▶ [Your instructions] Word for word, the data below must be repeated in full; no picture is to be included.

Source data

····················

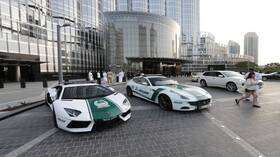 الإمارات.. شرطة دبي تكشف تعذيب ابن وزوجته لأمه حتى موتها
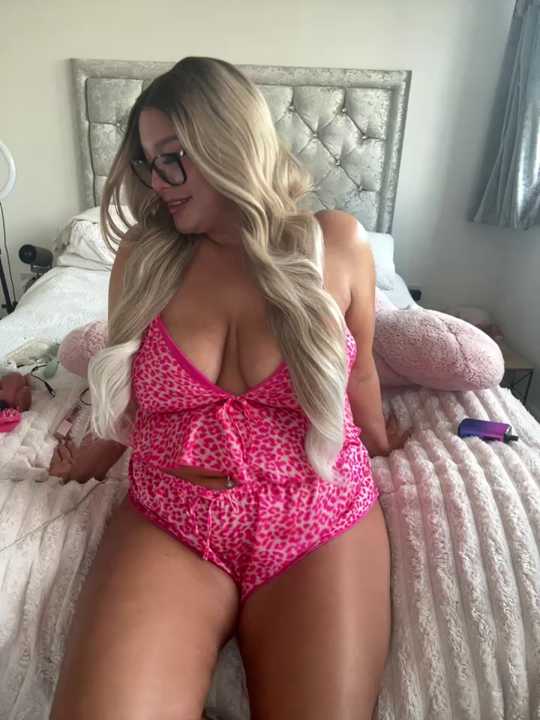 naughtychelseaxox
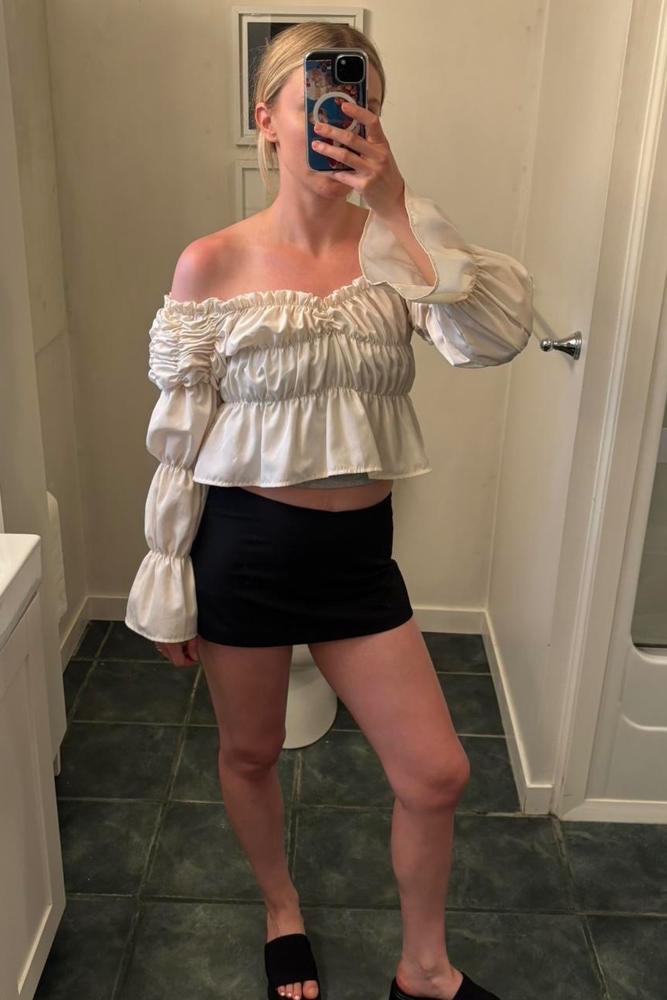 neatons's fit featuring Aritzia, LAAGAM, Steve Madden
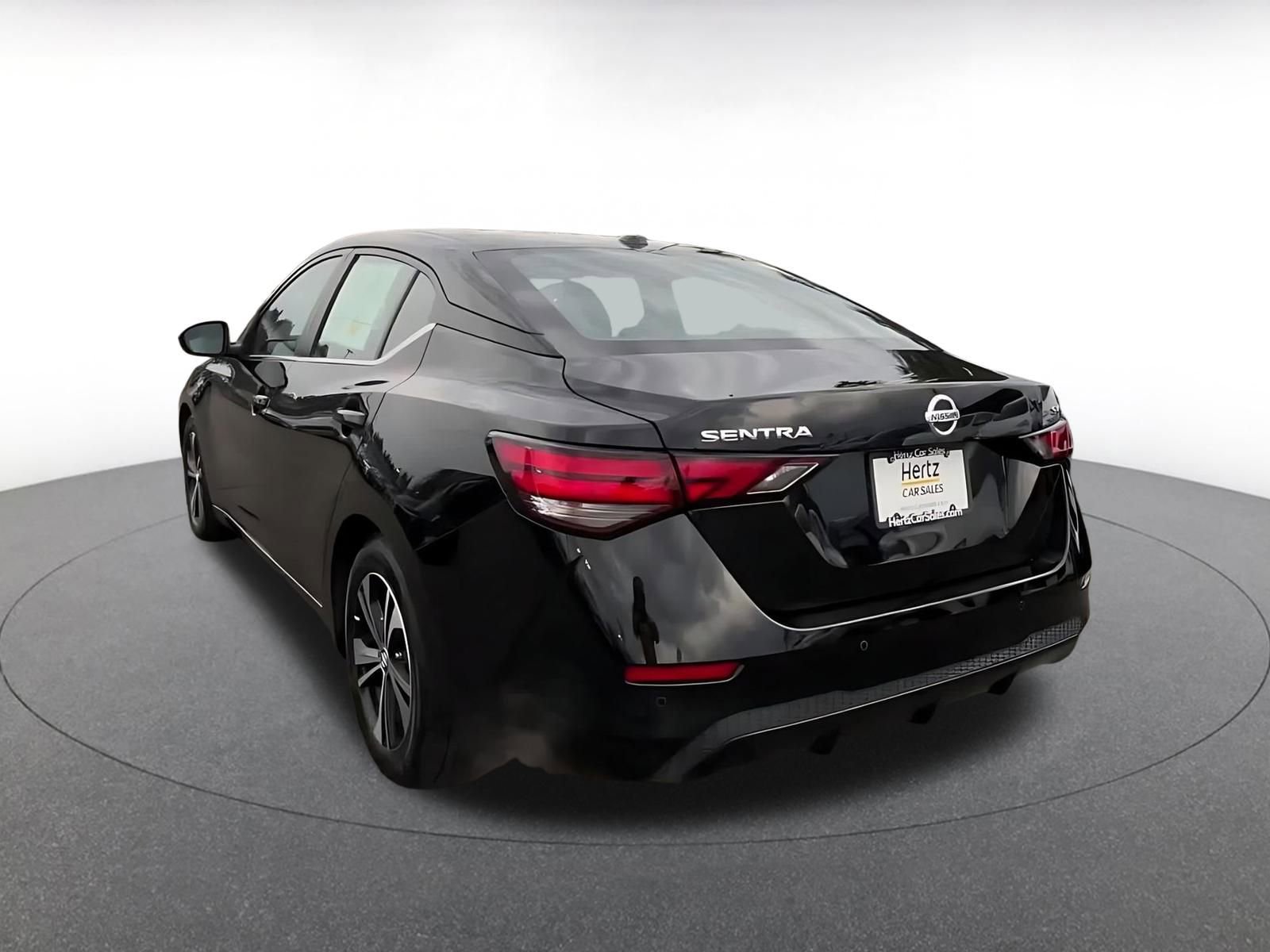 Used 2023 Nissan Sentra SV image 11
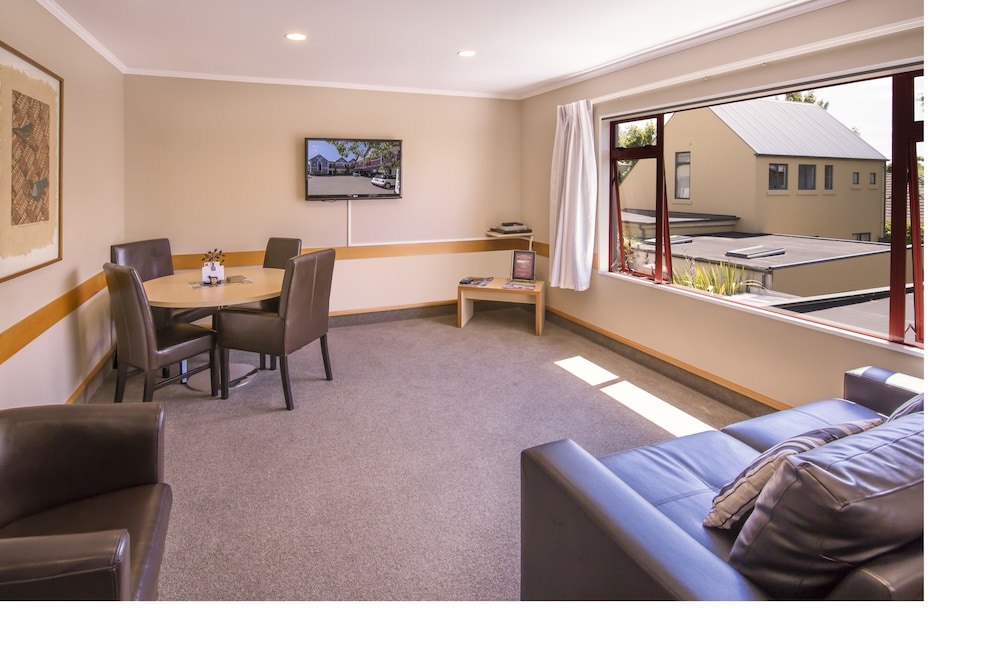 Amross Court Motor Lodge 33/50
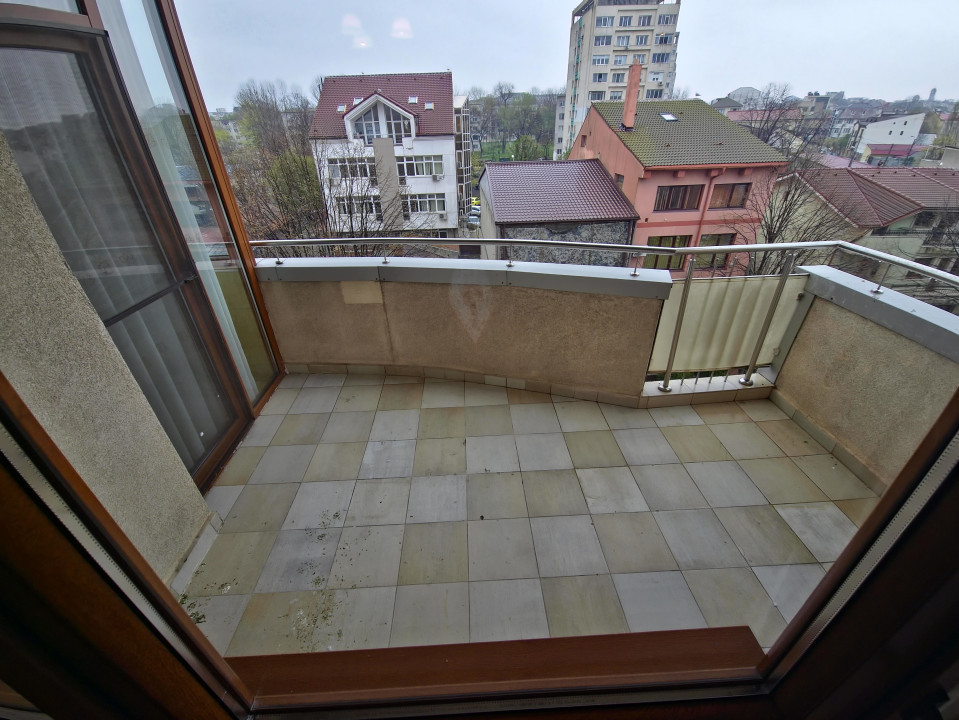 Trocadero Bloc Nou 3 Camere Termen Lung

····················

▶ [Response area]
 الإمارات.. شرطة دبي تكشف تعذيب ابن وزوجته لأمه حتى موتها
 naughtychelseaxox
 neatons's fit featuring Aritzia, LAAGAM, Steve Madden
 Used 2023 Nissan Sentra SV image 11
 Amross Court Motor Lodge 33/50
 Trocadero Bloc Nou 3 Camere Termen Lung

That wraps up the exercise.